I can't win. I'll acknowledge that up front. If I'd tried to say something different, I would've been savaged for that too. What's funny is, I had written my talk quite deliberately and consciously with a view to this “I can't win” fact. So I'm not going to address the finer points of your incisive critique.
Although I will say, I haven't actually studied the field you accuse me of appropriating without citation. Funnily enough I'm just about to start and the first book I ever got in that field just arrived yesterday (paging Sting, "synchronic-ity, synchronic-ity..."). All that stuff really did come out of my own head. I'm so happy to find out that others have been thinking the same way. It makes me feel less lonely, which is an occupational hazard.

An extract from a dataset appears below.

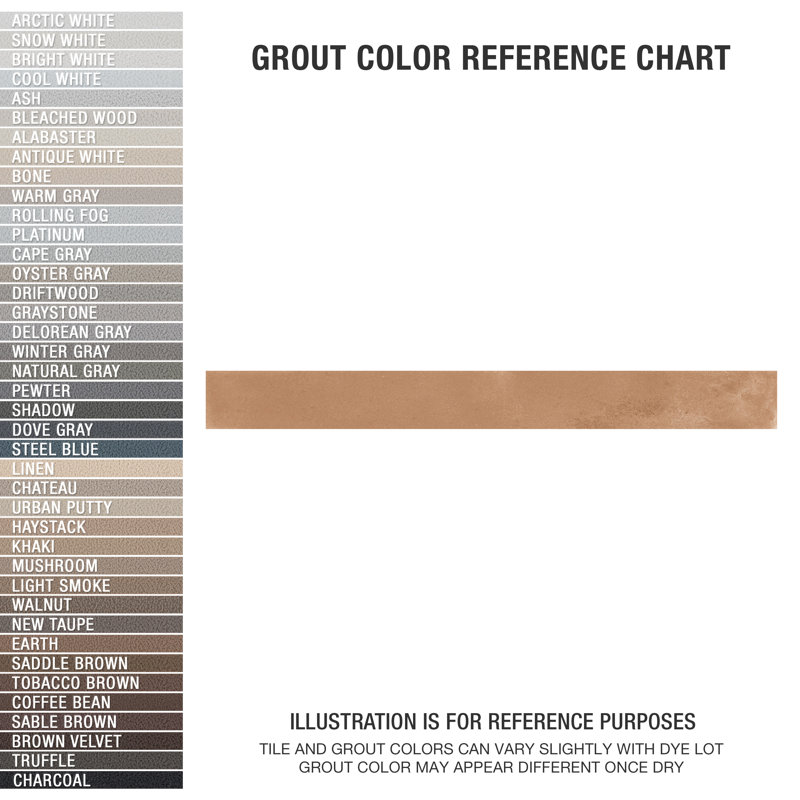 Sedona 1.88 in. x 17.75 in. Glazed Porcelain Tile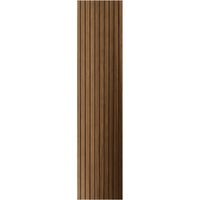 Panel decorativo de pared con efecto madera de nogal claro, juego de 10 piezas, 120x30 cm, para revestimiento interior - Divina Home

And I will say that, if you actually read my stuff, you'd find so much was explicitly and directly talking about what you care about, which I care about too.
You say I should quit for some more deserving scholar to take my place. You need to know that for every one of me, there's 1000 scholars indifferent or hostile to your view who would kill for my job. So how do you think that's going to work out?
You are so welcome to fight me in front of everyone, to my face. Please do it! But it won't be possible to do online, especially not now that I'm only just getting used to a social medium that most everyone else knows how to handle.
I remember being you when I was 24. I remember how incredible it felt to savage older scholars, thinking I was striking a blow for socialism, whereas through repeated practice, I was in fact becoming a neoliberal war-of-all-against-all solidarity-negating employee-in-training. I was quite brilliant at it. I'd read their piece the night before, identify a vulnerable sentence (every piece has one), and go for it. I was the James Bond of theory. I saw grown men reduced to tears. I'll do it to you if you want, except I gave it up for Lent. In 1995.
Not a single one of those people--all megastar type scholars visiting this amazing seminar on the body at NYU--have ever gotten in touch with me. I wonder why, to the extent that I don't.
In my experience, academia is a World War 1 kind of a domain, and I do my best to avoid all that trench warfare. Which is why I'm never going to reply to your comment directly, ever. I practice nonaggression. Guilt and shame are nothing to do with pleasure and sexuality, they drastically impede the fact that we should be demanding more pleasure.
You're not speaking up for what you think you are speaking up for. You are retweeting Puritan rubbernecking of evil.
Now I look back on it, I had so much more in common with every scholar with whom I found fault than with some guy who's about to decorate the Arctic with oil pipes. It's the narcissism of small differences. We're much more comfortable attacking people close to us, which is too bad really, when you think about the Koch Brothers and Donald Trump.
It's called solidarity, which is why I'm writing a book for Verso.
This is turning into a scary trend, you know. 20-something scholars armed with social media beating up on the older people intellectually and politically closest to them. I guess you're never too young for the Oedipus complex. Have you been reading enough Deleuze and Guattari? Thank goodness I didn't have Facebook when I was 24.
I blame neoliberalism, I really do. Everyone has been set against everyone else. Just read Bifo's new book, which talks about how France Telecom turned into Orange. It's quite amazing, the suicides that resulted from the competition, the mass suicides.
And what you don't realize is, and perhaps can't realize is, I'm tim morton, little tim, the guy who works this persona called Tim Morton's arms and legs. When you attack this cartoon, feeling all brave, a real person gets incredibly hurt, a person who suffers from major depression and needs all kinds of prosthetic devices to remain alive. Which would be awesome for frogs and first peoples, because I think I have something to share that could help.
But I can't help right now, because I'm curled up in a ball trying not to die.